Culinary Tomes

Fresh Pantry: Amy Pennington's New Cookbook Series

Seattle's sauciest urban gardner is making it easier to eat seasonally. Even in winter.

By Allecia Vermillion March 8, 2013

 Great Seattle-based cookbooks are happening in all forms these days: in print, on an iPad, and now here’s Amy Pennington with an eBook cooking series. Pennington is the author of Urban Pantry and Apartment Gardening, the host of Check, Please!, and as saucy a professional gardener/cook as you could ever hope to find. Her new project, Fresh Pantry, offers a year of monthly cookbook installments, each focused on a single seasonal ingredient. 

Pennington says the idea took root (pun definitely not intended) during winter’s rough slog of seasonal eating. “Too often, we get stuck in cooking ruts and it's easy to grow tired of an ingredient like.....oh......cabbage,” she writes. Except, you can actually do a lot of things with cabbage. Or winter squash or alliums, the subjects of January and February’s books.

The third Fresh Pantry is all about carrots and will be available this week; April will be all about rhubarb, and you can count on lettuce, peppers, and beets making an appearance later in the year.

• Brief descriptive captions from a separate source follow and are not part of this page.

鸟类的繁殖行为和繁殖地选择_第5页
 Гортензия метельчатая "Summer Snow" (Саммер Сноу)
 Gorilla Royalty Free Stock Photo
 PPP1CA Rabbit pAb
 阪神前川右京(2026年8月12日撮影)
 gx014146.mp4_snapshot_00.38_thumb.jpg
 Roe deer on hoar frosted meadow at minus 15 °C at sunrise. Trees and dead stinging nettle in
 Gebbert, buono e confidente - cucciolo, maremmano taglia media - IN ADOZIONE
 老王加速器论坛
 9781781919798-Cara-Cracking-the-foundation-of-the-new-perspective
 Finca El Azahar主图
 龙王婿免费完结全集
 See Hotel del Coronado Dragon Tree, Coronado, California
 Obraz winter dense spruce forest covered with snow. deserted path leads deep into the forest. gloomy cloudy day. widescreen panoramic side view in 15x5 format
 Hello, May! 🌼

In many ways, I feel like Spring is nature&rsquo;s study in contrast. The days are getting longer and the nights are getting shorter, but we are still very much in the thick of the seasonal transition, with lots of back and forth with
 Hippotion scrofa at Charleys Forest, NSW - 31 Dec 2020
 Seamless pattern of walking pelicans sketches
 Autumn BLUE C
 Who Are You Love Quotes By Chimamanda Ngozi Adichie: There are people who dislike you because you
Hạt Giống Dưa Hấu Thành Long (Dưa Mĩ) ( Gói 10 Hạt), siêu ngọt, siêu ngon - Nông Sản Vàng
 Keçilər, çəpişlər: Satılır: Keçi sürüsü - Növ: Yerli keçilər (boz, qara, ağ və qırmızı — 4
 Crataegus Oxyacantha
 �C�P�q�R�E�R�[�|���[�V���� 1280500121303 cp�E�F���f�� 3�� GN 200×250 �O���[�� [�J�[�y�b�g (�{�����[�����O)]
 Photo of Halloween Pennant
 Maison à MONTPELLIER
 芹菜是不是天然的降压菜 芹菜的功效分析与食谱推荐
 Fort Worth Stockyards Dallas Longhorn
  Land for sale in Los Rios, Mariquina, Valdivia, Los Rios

Each installment contains about 15 recipes; with winter squash, for example, Pennington walks you through everything from breakfast squash bread with streusel to dumplings made with shrimp and butternut squash, plus tutorials on how to cut and handle the suckers. “It's subversively a tool to get people thinking about what they eat, instead of hearing the "local, seasonal" buzz word with no identifying feature,” she says.

Each issue comes out mid-month, usually around the 15th and is compatible with the Kindle, iPad, etc. Find it on Pennington's site or Amazon for $3 a pop. The whole series will be published as a single book in 2014.